One of my first peer friends in Wuhu was a child of Nanjing, and he appeared to fit all the stereotypes I’d eventually come to learn about the city. He was a young twenty-something musician and scholar, sensitive and idealistic, upright but insecure. With a long, clean face and a short, lean, sturdy build, he exuded a pre-tense of modernity while simultaneously marked by tradition. He worked started as a music teacher for Anhui Normal the same year I began teaching with hopes of improving Anhui’s musical programs as a whole. He taught and researched global music ethnocology, was into the newest fashions and trends: a spittin’ image of the new Chinese yuppie scholar with global interests and aspirations. But if you asked him where his hopes were planted, he would probably tell you he wanted a true and authentic revival of the classical Chinese spirit of music.
I had the privilege of attending this friend’s wedding where I met many of his other Nanjing townfellows. One of them, drunk no less, learned my family was from Taiwan. He put his arm around me and mumbled with pride, “You know, people in Taiwan still see Nanjing as the capital of the new China.” He paused for a second, groggily considering his next thought. “And, you know, we Nanjing people, we remember that too.”
Dare I say it, I see Nanjing as a spiritual home of mine. I fully understand that it is an idealized home, given my lack of real experience. In another time or story, I might have been one of her many poets or scholars, or the spoiled grandson of an official; Ming, KMT, or otherwise. Or even a callous farmer on the fertile lands along the long river, or an undignified fisherman. It would not matter: I imagine I would have thrived with either the scholar’s brush or the peasant's plow.
I imagine this because, though I do not know Nanjing as well as I would like, I know myself; and the many adjectives I have heard used to address the city I find resonance with, whether positive or negative. It’s historical tones, traditional posture, and reflective habits expressed through scholarship and ideals, ironed out through many cycles of destruction and reconstruction. Romantically poetic in its unrealized hopes yet staunchly realistic in its sufferings, Nanjing’s unbridled nostalgia betrays its desires for modernity, her sensitivities always lead it toward a quietness that those seeking hustle-bustle play and power cannot understand nor tolerate.
For those things, Shanghai is king. Somehow, I quickly skipped over those years of youthful abandon in favor of a more solemn spirit. I have no drive for success on the worldly level, yet I am still unsure of myself inwardly. Like my native Nanjing friend, I dabble amongst different cultural ideas and have a visible interest for things modern, but in the end I’m nostalgic and sensitive for the things of the past. Now that I am married, my wife is beginning to see that I am hopelessly backward in my desires for simplicity paradoxically paired with a convoluted drive to modernize the ancient and extract timeless principles from clearly, time bounded circumstances. My ideal of a good date is a stroll through an ancient temple coupled with a visit to a modern art gallery. History is a story I love, the present a gift to treasure, and the future a mystery to behold.
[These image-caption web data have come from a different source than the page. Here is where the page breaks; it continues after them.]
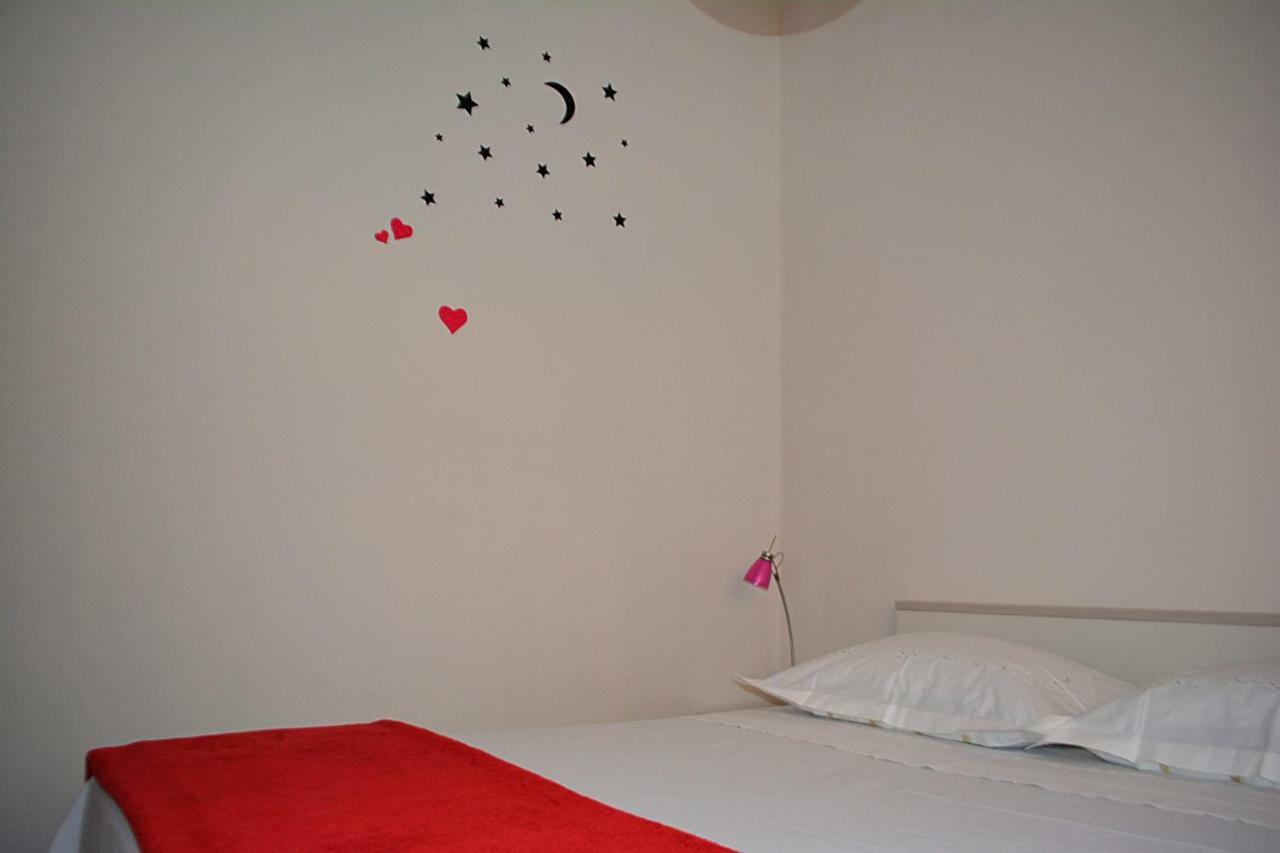 Cosy Sunset Apartment Omiš Kültér fotó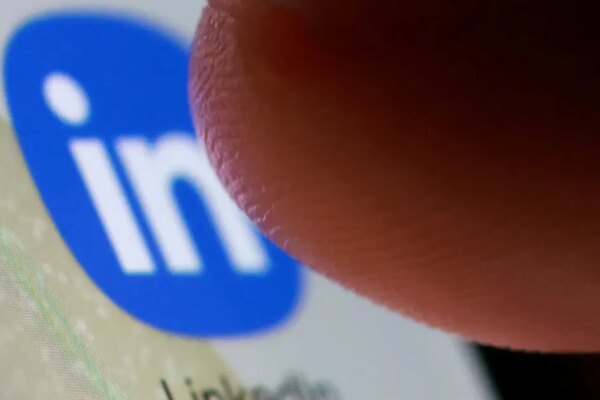 Flört uygulamalarından yorulan bekarlar LinkedIn’e yöneliyor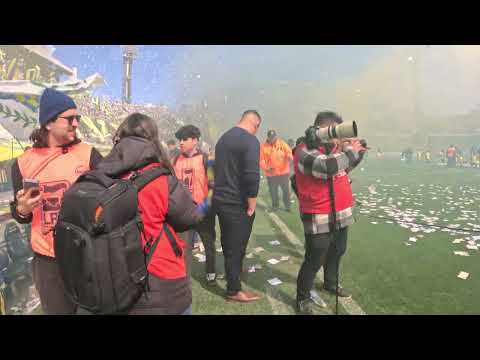 "IMPRESIONANTE RECIBIMIENTO DE ROSARIO CENTRAL EN EL CLASICO ROSARINO" Barra: Los Guerreros &bull; Club: Rosario Central &bull; País: Argentina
This Nanjing friend of mine often shared clean set, modern Chinese, meals with me at a coffeehouse chain (that originated in Nanjing, no less). In our conversations, we shared a generally similar spirit and perspective on things as perhaps only poet-at-heart types do. As our years of work in Wuhu continued, however, we lost touch due to our ever increasing busyness and investment in our work. By my third year, the best we could muster was a passing hello on campus on our ways to class. Despite the seeming fall out in relationship, he was adamantly present the morning of my final departure from Wuhu. Sensitive, like me, he shed a few tears as my van pulled away.
These many spaces near the Yangzi River are all a sort of home to me. Wuhan, Yangzhou, and Zhuji are the land of my grandparents. Wuhu and Nanjing, my adopted homes during some of the most impressionable years of my youth.
These days, I often tell my friends and family that I am finally sick of China, ready to be home in the United States for a few. But at the same time, I know I love this space more than I probably care to admit.
I am a long-lost child of 江南.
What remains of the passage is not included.